Apple’s bet had been that the conventional wisdom was correct about manufacturing, where the cost curves had genuinely become impossible at consumer-electronics volumes, and wrong about everything upstream. Design, architecture, and integration could still be vertically owned, if a company was willing to spend a decade and several billion dollars assembling the team, and if the volumes underneath the team were large enough to amortize the investment. The iPhone had supplied those volumes. The acquisitions had supplied the team. TSMC had supplied the manufacturing. What came out the other end was a Mac that Intel could not match, an iPhone that Qualcomm could not match, and a defense moat that competitors trying to reproduce it would need a decade and a willing foundry partner of their own to even attempt.

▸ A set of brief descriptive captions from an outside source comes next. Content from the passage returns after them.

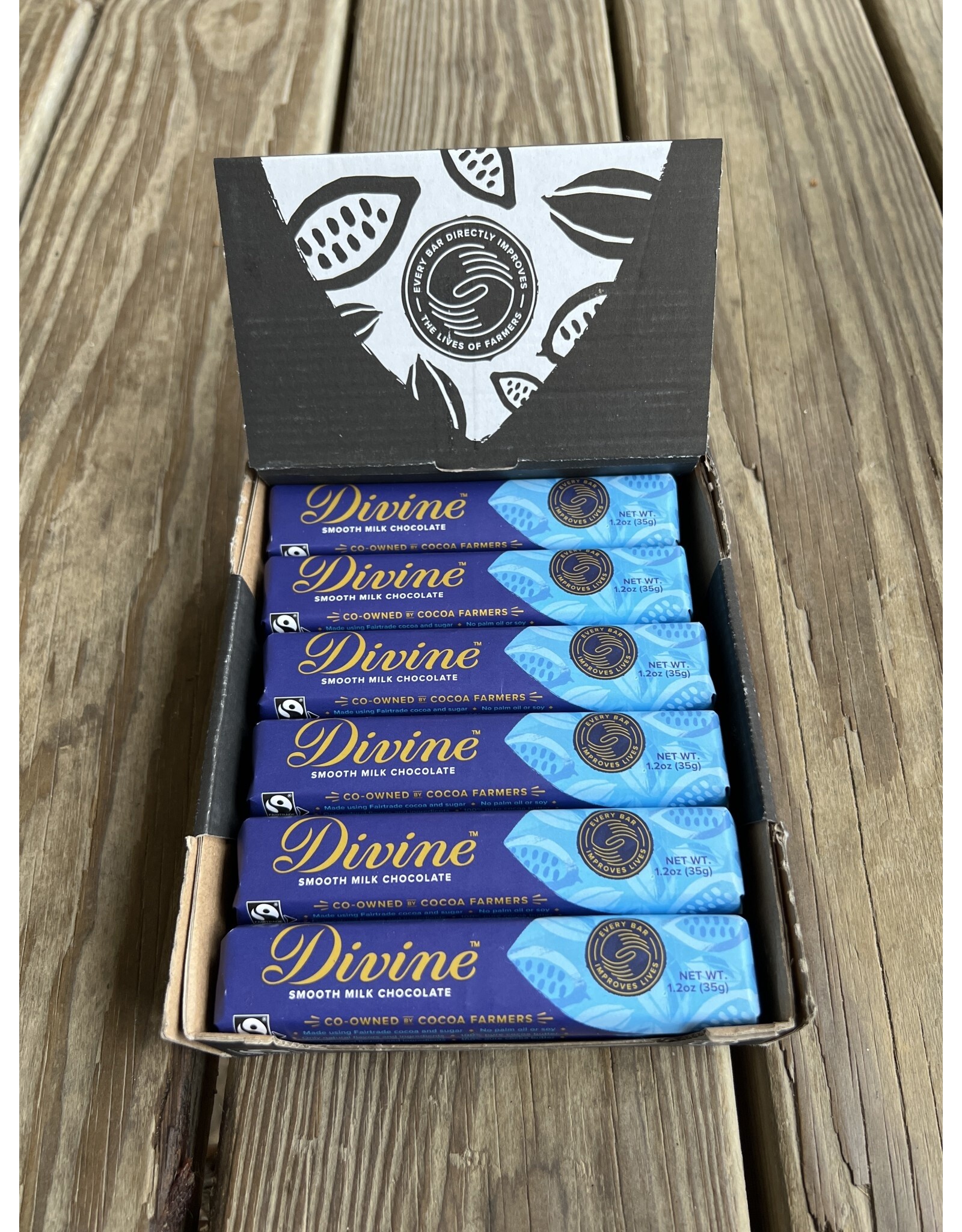 Divine Chocolate Snack Bar - Milk Chocolate 1.2 oz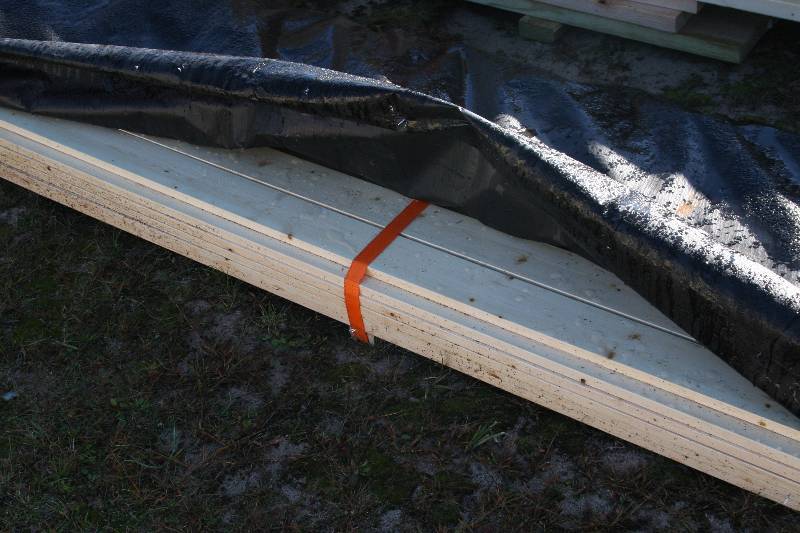 lot 21 image: 1x4 Clear Finish Pine Planks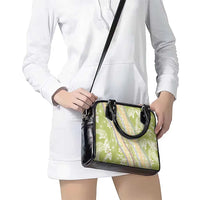 Green Palaka Hawaii Leis Shoulder Handbag Hawaiian-plaid Elegant Tropical Vibes LT14 - Polynesian Pride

In the months after the M1 launch, when reporters from Bloomberg and the Wall Street Journal pressed Srouji on what had made the chip work, he kept returning to a phrase that appeared in nearly every interview. When you have control, he said, you can do things you cannot do by buying merchant silicon. It was a sentiment Steve Jobs had been articulating in different forms since 2008, and one Tim Cook had been quietly enacting since taking over in 2011. The chip Srouji was holding up at the 2020 keynote was the proof of it. Vertical integration, declared dead by every Silicon Valley analyst writing about the fabless revolution in the 1990s, had simply waited a generation, gathered its tools, and come back through a different door, carried in by an engineer who had moved his family from Haifa twelve years earlier on the strength of a phone call.